Friday, June 29, 2018 1:00 am
2 Burmese officers join city police force, a first
JAMIE DUFFY | The Journal Gazette
The Fort Wayne Police Department swore in two Burmese recruits for the first time at its 63rd recruit class graduation ceremony Thursday.
The ceremony held at IPFW's Rhinehart Music Hall attracted more than 200 law enforcement, family and friends to welcome the 21 recruits.
The number of Fort Wayne police officers now stands at 473, the target number of officers the department needs, according to Chief Steve Reed.
Although Reed and Assistant Chief Karl Niblick couldn't say whether the class was the most diverse demographically, they agreed the class represents a number of Fort Wayne communities.
Capt. Scott W. Berning said in addition to the two Burmese men, recruits included one black female police officer, three who speak Spanish and two white female officers.
Berning and other speakers – Mayor Tom Henry and Paul Whitesell, the executive director of the Indiana Law Enforcement Academy – spoke about the grueling training the officers have undergone since early February.
In the end, the class scored an overall test score of 92.58 percent, slightly higher than last year's class of 26 new officers, who scored an overall 92 percent, Berning said.
Besides academics, each recruit had to be able to do 50 situps in one minute, 45 pushups in one minute, jump vertically 20 inches or higher, run the 300-meter dash in 50 seconds or less and run 11/2 miles in 111/2 minutes or less.
The academic award went to Drew Wheeler, whose overall test score average was 95.9 percent.

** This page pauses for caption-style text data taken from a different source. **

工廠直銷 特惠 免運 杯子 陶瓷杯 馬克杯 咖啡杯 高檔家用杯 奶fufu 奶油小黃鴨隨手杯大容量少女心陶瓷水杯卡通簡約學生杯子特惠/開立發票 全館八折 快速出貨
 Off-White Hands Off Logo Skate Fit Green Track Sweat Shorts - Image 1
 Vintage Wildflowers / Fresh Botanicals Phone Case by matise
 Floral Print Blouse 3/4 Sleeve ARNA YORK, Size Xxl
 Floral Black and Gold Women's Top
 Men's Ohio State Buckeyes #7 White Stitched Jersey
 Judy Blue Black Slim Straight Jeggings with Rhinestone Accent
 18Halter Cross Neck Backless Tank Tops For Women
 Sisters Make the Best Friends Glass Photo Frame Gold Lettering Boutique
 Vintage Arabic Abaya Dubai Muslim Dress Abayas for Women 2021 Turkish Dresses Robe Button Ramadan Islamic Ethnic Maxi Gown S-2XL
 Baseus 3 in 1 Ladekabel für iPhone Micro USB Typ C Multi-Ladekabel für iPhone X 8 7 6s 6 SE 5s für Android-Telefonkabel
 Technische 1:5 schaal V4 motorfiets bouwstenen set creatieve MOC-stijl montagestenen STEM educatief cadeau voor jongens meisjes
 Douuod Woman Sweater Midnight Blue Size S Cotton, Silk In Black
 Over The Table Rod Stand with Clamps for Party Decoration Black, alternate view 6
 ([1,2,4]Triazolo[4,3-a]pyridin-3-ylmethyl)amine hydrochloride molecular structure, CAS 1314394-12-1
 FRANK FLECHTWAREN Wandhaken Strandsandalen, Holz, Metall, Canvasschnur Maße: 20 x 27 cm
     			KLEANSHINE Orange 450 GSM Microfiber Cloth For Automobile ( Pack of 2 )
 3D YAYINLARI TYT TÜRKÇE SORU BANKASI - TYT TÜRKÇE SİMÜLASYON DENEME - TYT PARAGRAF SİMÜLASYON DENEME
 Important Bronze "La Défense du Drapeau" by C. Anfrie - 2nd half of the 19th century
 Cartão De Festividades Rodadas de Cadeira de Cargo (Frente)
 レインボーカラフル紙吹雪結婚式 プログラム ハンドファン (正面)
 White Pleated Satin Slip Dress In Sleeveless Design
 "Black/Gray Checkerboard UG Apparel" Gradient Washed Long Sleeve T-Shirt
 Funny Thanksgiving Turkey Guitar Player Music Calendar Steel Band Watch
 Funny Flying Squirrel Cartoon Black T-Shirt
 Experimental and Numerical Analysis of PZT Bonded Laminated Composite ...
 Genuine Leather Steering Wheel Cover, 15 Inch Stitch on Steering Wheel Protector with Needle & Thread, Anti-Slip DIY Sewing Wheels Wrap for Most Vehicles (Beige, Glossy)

Michael Diaz was awarded the Top Gun Award; Anthony Krock set recruit records in pushups and the 11/2-mile run and received the Physical Fitness Award; and Kaitlyn Thomas set a female recruit record for 80 pushups in one minute, Berning said.
Don Thang, wife of Burmese recruit Hau L. Thang, brought her three young children to the ceremony and took 4-year-old Zoen Spurgeon Thang and infant Thangkhawn Macarthur Thang on stage to pin her husband's new police badge onto his uniform. Their sister Niangit Kim was too shy to go up on stage.
Hau Thang was surrounded by family after the ceremony. His family came directly from Myanmar, whereas his wife came from a refugee camp in Malaysia, they said.
“I was happy for him,” Don Thang said. “Whatever he wants to do.”
Stephanie Reid, a 23-year-old Snider High School graduate, was pinned by her boyfriend, Jason Durnell.
“It's what I always wanted to do when I was little,” said Reid, who will finish her criminal justice degree at Purdue Fort Wayne.
She may be getting married soon, too. “I'm probably going to propose soon,” Durnell said. “We've been looking at rings.”
During the ceremony, the recruits sat motionless, legs apart with their hands on their knees.
“You're asked to put your life in front of others,” Reed told them. “And for that, we're always in gratitude.”